[To do]
Please transcribe all of the records precisely.

--- START ---

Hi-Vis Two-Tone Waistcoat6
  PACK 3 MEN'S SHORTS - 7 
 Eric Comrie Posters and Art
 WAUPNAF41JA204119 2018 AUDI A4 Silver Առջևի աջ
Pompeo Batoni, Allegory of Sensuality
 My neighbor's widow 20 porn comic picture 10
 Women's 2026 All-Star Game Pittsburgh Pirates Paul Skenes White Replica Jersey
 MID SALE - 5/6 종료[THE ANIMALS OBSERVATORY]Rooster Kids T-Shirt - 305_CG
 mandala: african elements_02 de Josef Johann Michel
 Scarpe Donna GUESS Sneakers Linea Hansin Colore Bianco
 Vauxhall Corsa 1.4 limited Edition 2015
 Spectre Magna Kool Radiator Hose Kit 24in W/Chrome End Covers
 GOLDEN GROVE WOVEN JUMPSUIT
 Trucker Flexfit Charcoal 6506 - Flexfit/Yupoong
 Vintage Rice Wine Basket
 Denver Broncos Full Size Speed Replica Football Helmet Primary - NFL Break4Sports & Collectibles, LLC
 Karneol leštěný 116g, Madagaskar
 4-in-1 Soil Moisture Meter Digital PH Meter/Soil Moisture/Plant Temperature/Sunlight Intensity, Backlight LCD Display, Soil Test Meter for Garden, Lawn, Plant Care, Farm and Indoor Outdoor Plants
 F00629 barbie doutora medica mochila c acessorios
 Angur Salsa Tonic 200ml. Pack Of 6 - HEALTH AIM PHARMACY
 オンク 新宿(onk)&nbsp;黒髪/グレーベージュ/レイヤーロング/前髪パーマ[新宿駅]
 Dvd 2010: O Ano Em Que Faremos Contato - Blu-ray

--- END ---

[Solution to this task]
Hi-Vis Two-Tone Waistcoat6
  PACK 3 MEN'S SHORTS - 7 
 Eric Comrie Posters and Art
 WAUPNAF41JA204119 2018 AUDI A4 Silver Առջևի աջ
Pompeo Batoni, Allegory of Sensuality
 My neighbor's widow 20 porn comic picture 10
 Women's 2026 All-Star Game Pittsburgh Pirates Paul Skenes White Replica Jersey
 MID SALE - 5/6 종료[THE ANIMALS OBSERVATORY]Rooster Kids T-Shirt - 305_CG
 mandala: african elements_02 de Josef Johann Michel
 Scarpe Donna GUESS Sneakers Linea Hansin Colore Bianco
 Vauxhall Corsa 1.4 limited Edition 2015
 Spectre Magna Kool Radiator Hose Kit 24in W/Chrome End Covers
 GOLDEN GROVE WOVEN JUMPSUIT
 Trucker Flexfit Charcoal 6506 - Flexfit/Yupoong
 Vintage Rice Wine Basket
 Denver Broncos Full Size Speed Replica Football Helmet Primary - NFL Break4Sports & Collectibles, LLC
 Karneol leštěný 116g, Madagaskar
 4-in-1 Soil Moisture Meter Digital PH Meter/Soil Moisture/Plant Temperature/Sunlight Intensity, Backlight LCD Display, Soil Test Meter for Garden, Lawn, Plant Care, Farm and Indoor Outdoor Plants
 F00629 barbie doutora medica mochila c acessorios
 Angur Salsa Tonic 200ml. Pack Of 6 - HEALTH AIM PHARMACY
 オンク 新宿(onk)&nbsp;黒髪/グレーベージュ/レイヤーロング/前髪パーマ[新宿駅]
 Dvd 2010: O Ano Em Que Faremos Contato - Blu-ray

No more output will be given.